- INSTRUCTIONS FOR THE TASK: Among the entries below, copy only the span from the line containing "1685651515_4.gif" through the line containing "熊出没里面的土拨鼠叫什么". Do so exactly, and skip the pictures.
--- GIVEN DATA Enclosed Below ---
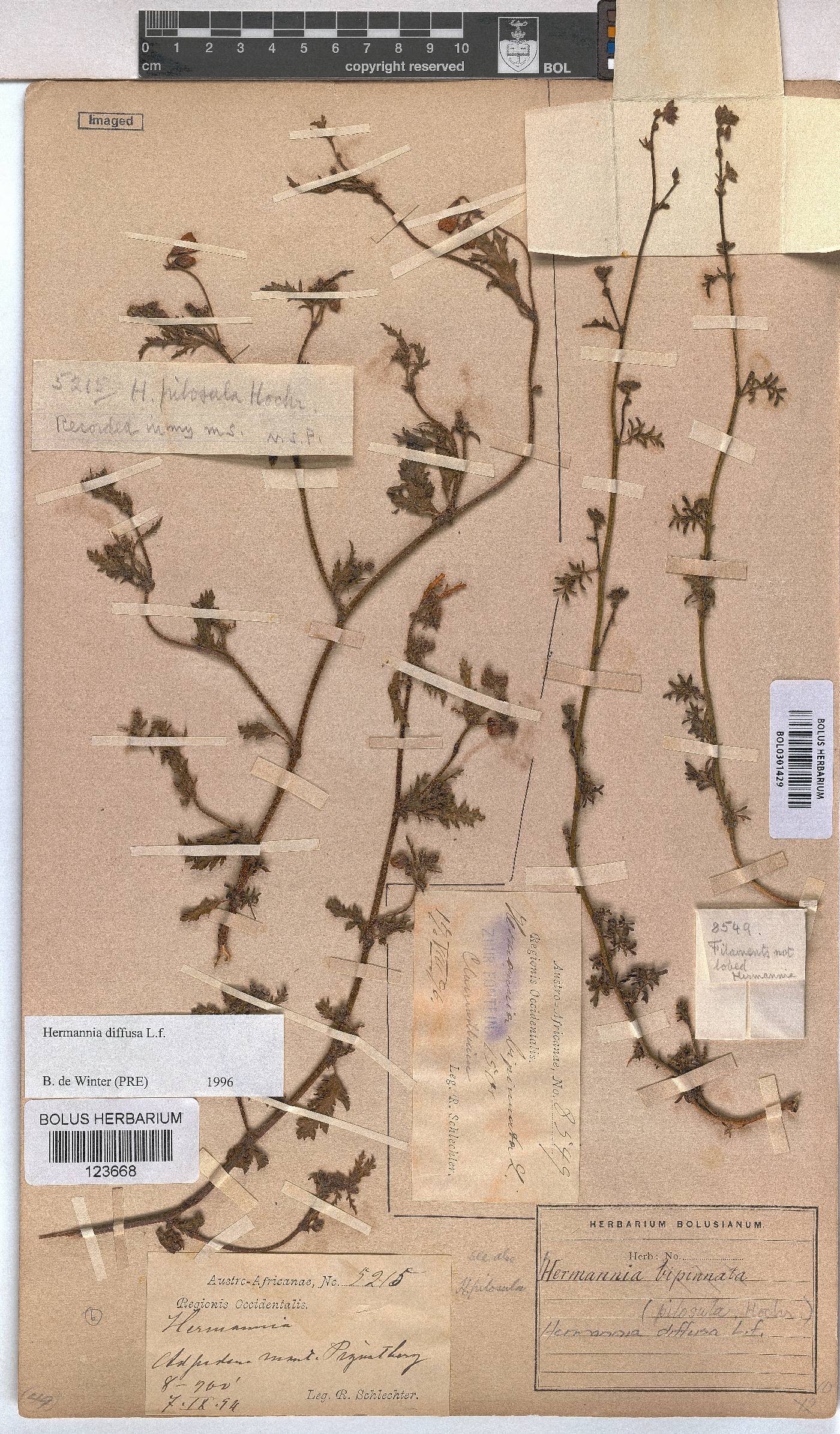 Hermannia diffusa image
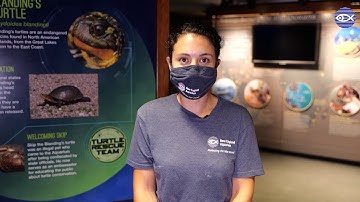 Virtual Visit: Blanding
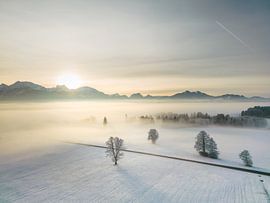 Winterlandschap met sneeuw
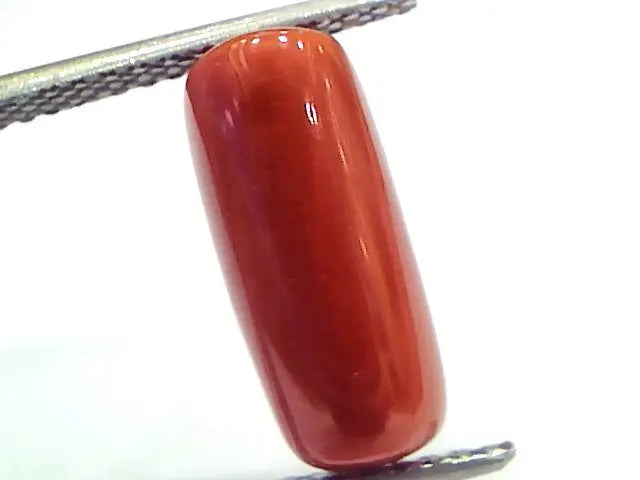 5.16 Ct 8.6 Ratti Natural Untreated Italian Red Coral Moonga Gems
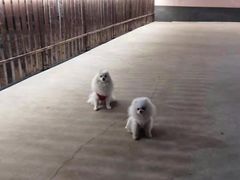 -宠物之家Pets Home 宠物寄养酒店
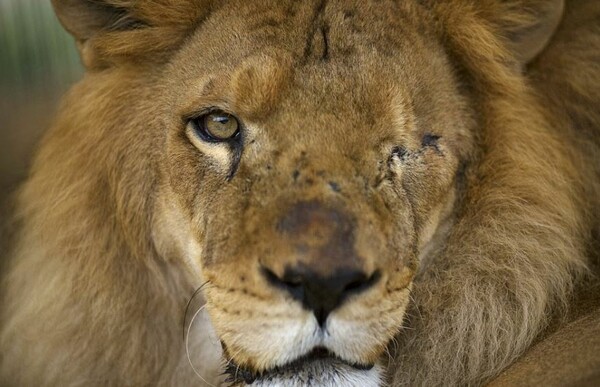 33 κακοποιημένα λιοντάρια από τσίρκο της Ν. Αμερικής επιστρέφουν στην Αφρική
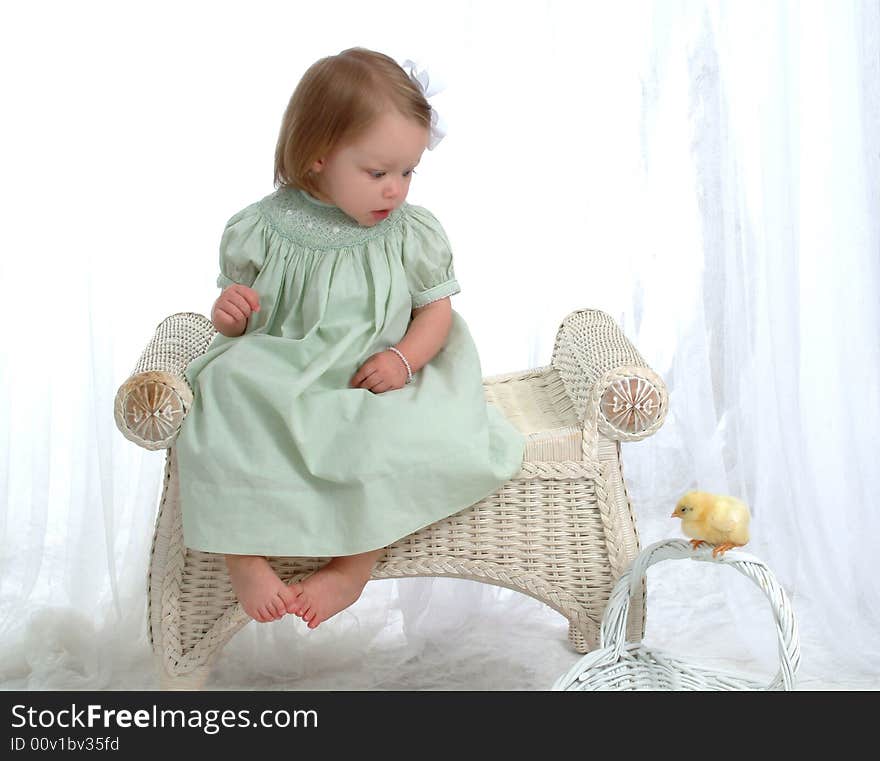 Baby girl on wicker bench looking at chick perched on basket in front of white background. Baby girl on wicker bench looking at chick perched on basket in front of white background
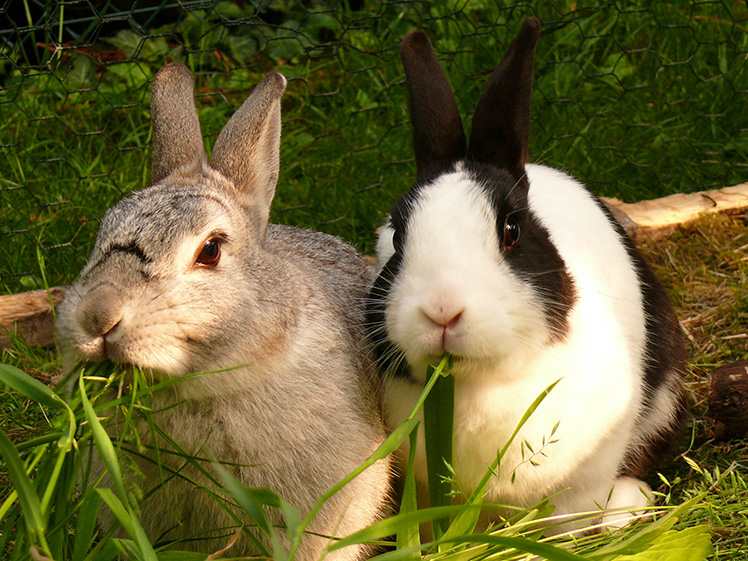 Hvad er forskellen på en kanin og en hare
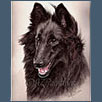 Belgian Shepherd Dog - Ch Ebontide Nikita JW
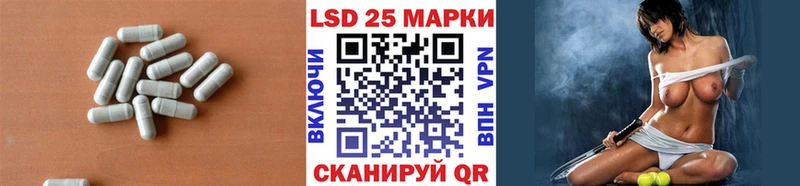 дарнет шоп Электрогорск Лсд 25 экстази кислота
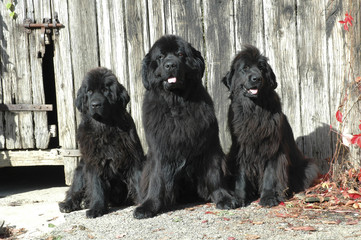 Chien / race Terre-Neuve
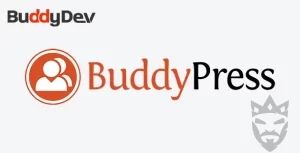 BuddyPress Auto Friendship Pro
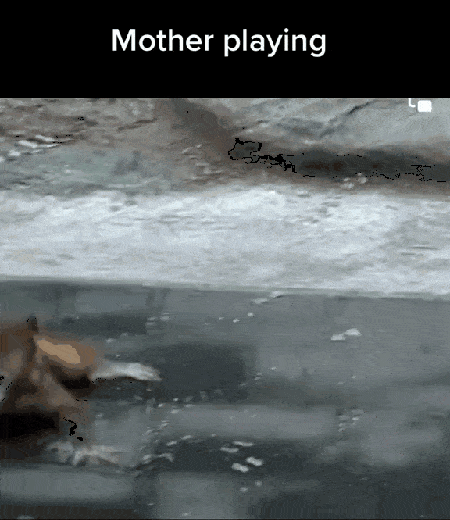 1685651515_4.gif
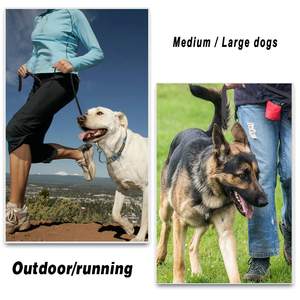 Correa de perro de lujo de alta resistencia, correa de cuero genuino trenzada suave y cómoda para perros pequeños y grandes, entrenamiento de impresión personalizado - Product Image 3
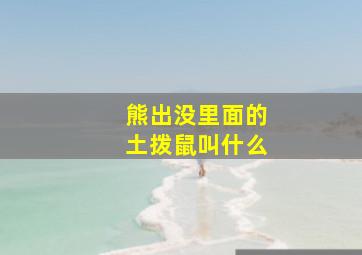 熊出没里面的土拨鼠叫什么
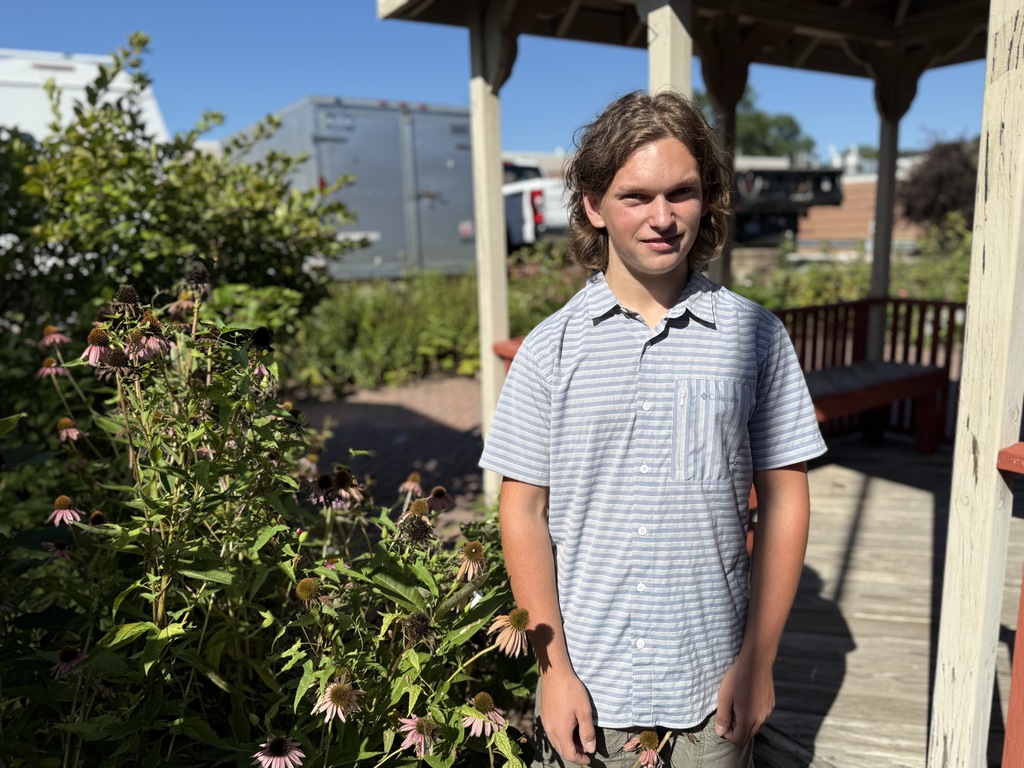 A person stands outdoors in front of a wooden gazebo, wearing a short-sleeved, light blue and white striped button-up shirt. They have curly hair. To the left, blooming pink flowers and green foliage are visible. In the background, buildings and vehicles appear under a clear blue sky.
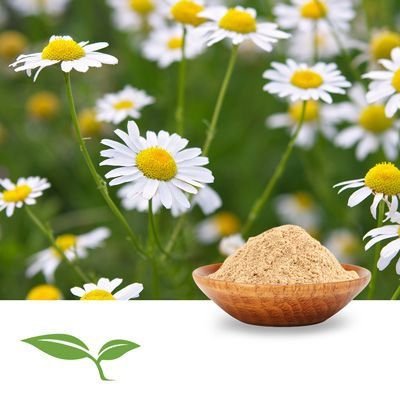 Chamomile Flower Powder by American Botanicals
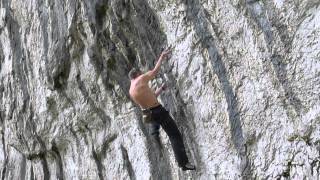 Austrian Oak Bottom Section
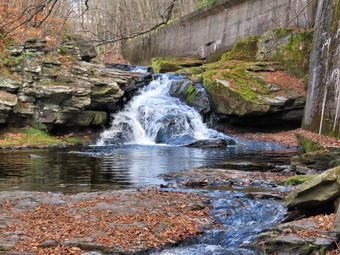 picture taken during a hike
--- End of Enclosed GIVEN DATA ---
- WRITTEN ANSWER:
 1685651515_4.gif
 Correa de perro de lujo de alta resistencia, correa de cuero genuino trenzada suave y cómoda para perros pequeños y grandes, entrenamiento de impresión personalizado - Product Image 3
 熊出没里面的土拨鼠叫什么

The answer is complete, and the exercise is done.